It would of course be elegant if the hexagrams of the I Ching mapped onto our C-60 psycho-social structure, since they supposedly represent all the possible shifting patterns of transformation and change within the whole. As a set they constitute a sufficiently complex pattern which many struggle years to comprhend in the light of their experience. But there are 64 of them, not 60. Is there some special reason why four of them should be considered contextual to our immediate concern?
But there is another possibility. The C-60 structure has 32 faces -- half of 64. Other carbon structures, such as the benzene haxagonal ring, are only stable because of resonance, namely alternation of bonding patterns around the ring. Alternation of each ring between 2 configurations would provide a C-60 structure onto which the hexagrams could be mapped.

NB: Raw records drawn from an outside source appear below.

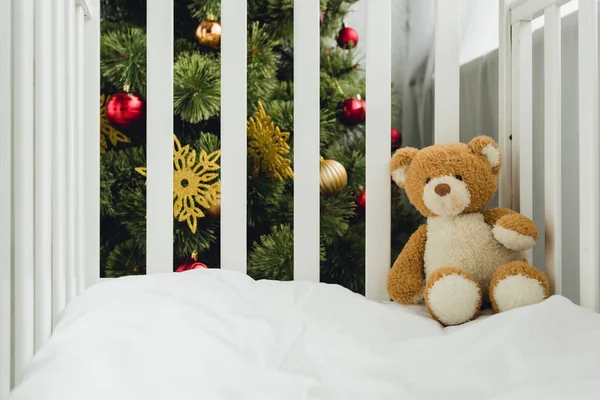 クリスマス ツリーの前で幼児のベッドにテディベア  — 無料ストックフォト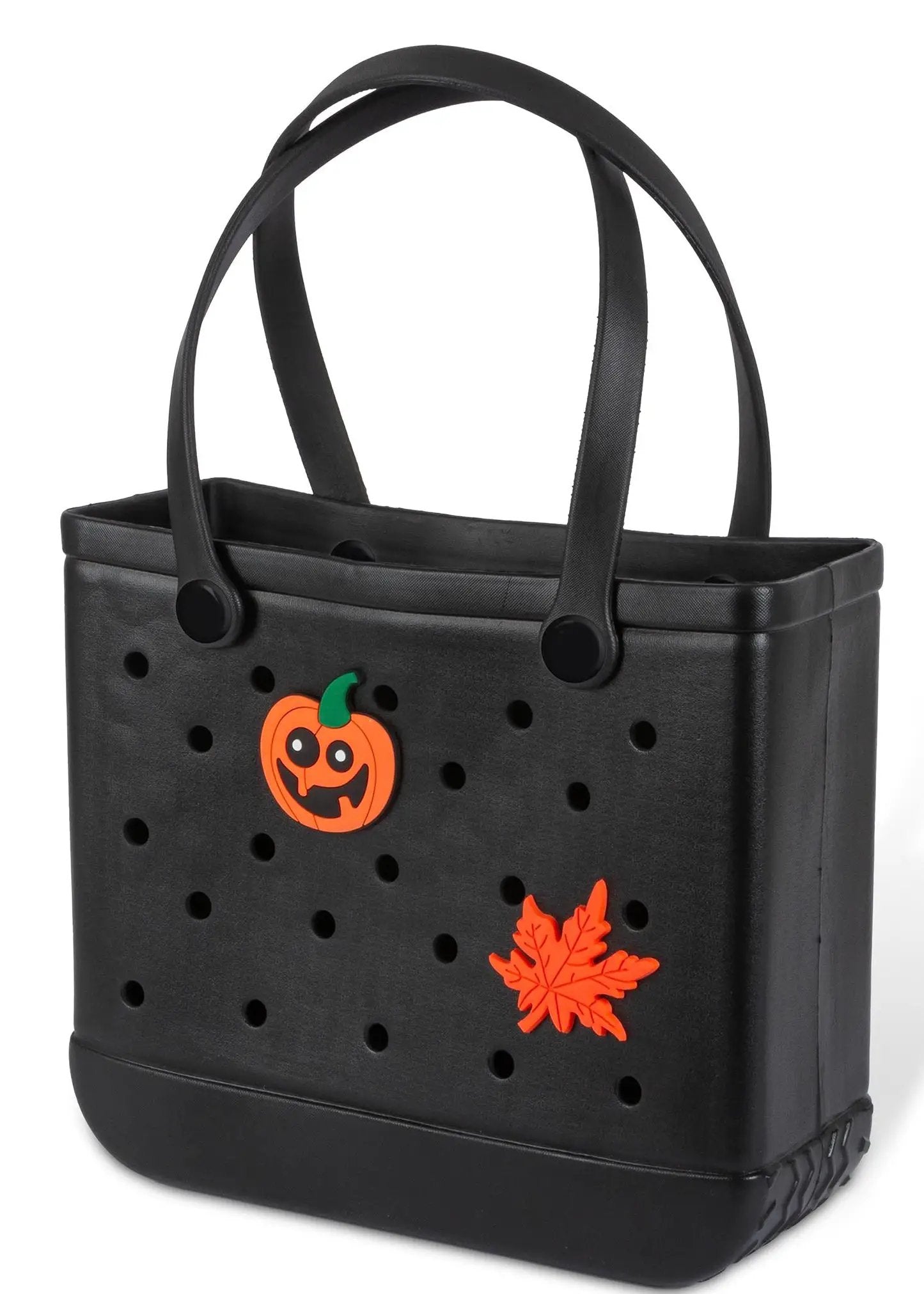 Charming black tote with pumpkin charm and orange leaf accents on perforated bag on Tampa Home & Garden Store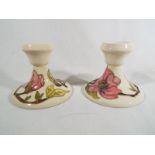 A Moorcroft Pottery pair of candlesticks decorated with pink magnolia on an ivorine ground,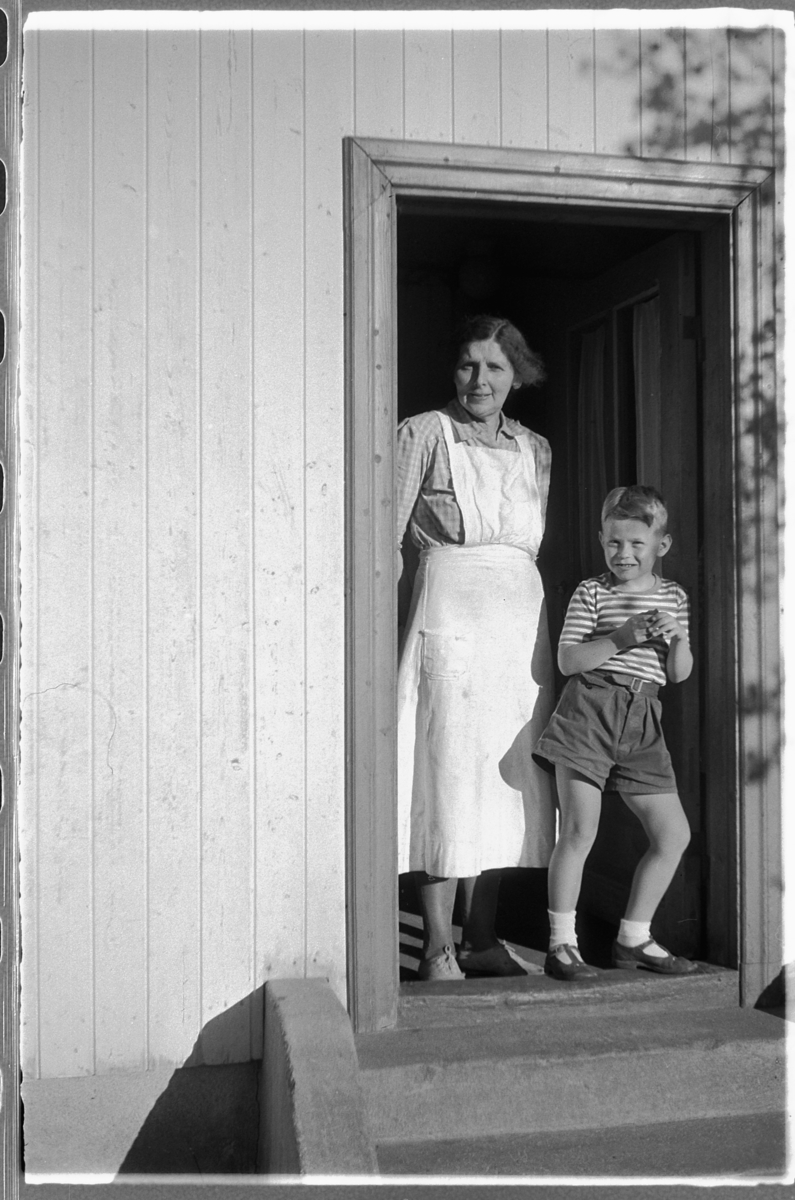 Håkon Prestkværn, Ukjent kvinne med forkle sammen med gutt i inngangsdøra til et hus.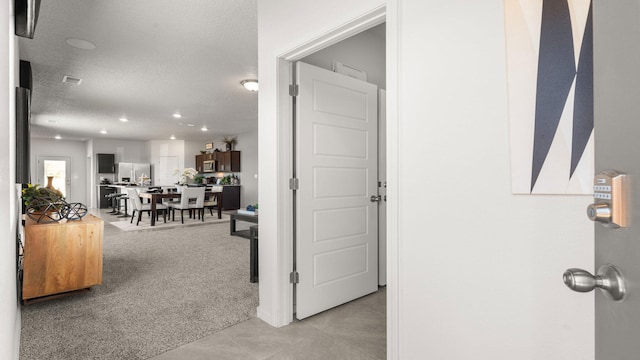 2734 Cantara Ln, Albuquerque, NM 87121 - hall featuring light carpet, light tile patterned floors, recessed lighting, and a textured ceiling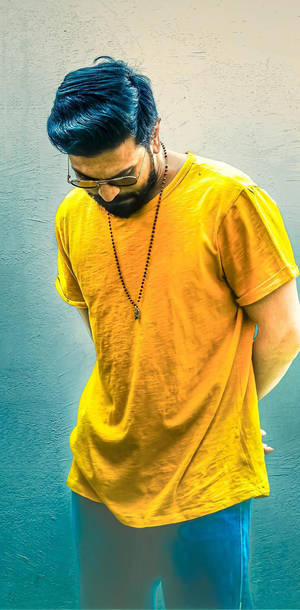 Ram Charan In A Yellow Shirt Wallpaper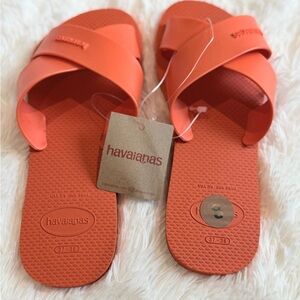 Havaianas Aqua Sandals in the color Sunset Orange.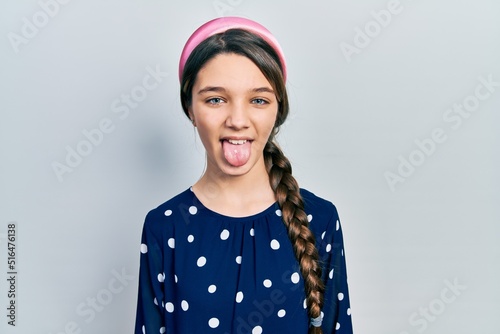 Obraz na plátně Young brunette girl wearing elegant look sticking tongue out happy with funny expression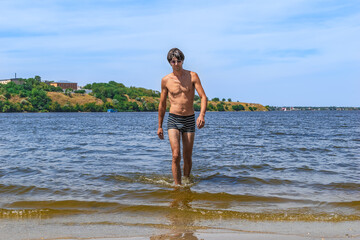 A young slender man in swimming trunks and sunglasses walks out of the river on Strilka beach in...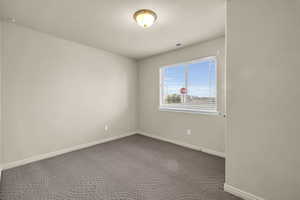 Spare room featuring a textured ceiling and carpet flooring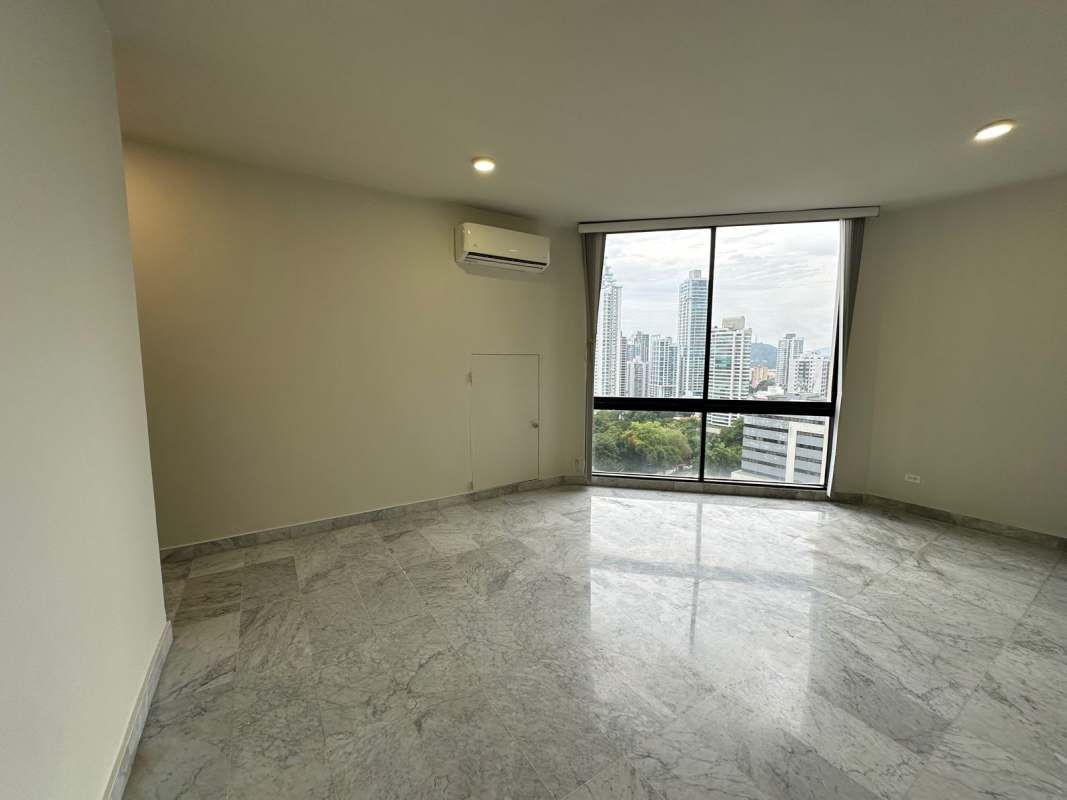 Spacious closet with shelving and bifold doors in bedroom Vista Tower Panama.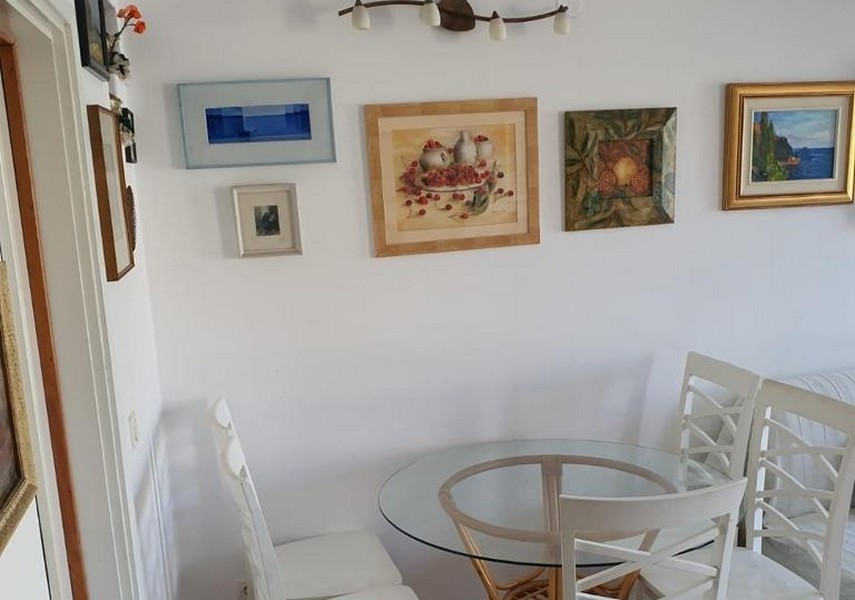 Jedálenský kút s okrúhlym stolom a nástennou dekoráciou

Determining the nature of that mapping would certainly merit a veritable Noble Prize. It would be the key to many structural discoveries of relevance to groups and dialogue processes. But maybe one reason why the mapping remains undiscovered and undetermined is precisely because it is incompatible with the "grasping" process characteristic of our condition. As such it is the prize that cannot be held -- it is beyond any conceptual "prise". Chinese philosophers have grappled with this paradoxical notion for centuries -- alluding to its nature through metaphor. Looking at a football, one of the few genuine universals, may prove to be an appropriate catalyst for the much sort "paradigm shift".
Afterthought: Nicholas of Cusa (1401-1464), one of the most illustrious figures of the fifteenth century, used a ball game as an imagistic container for metaphysical insights: De ludo globi (1463) -- The Game of Spheres, tr. P.M. Watts (New York, 1986), pp.251-319; Nicholas of Cusa, Metaphysical Speculations, Volume 2, pp. 251-319. [see review]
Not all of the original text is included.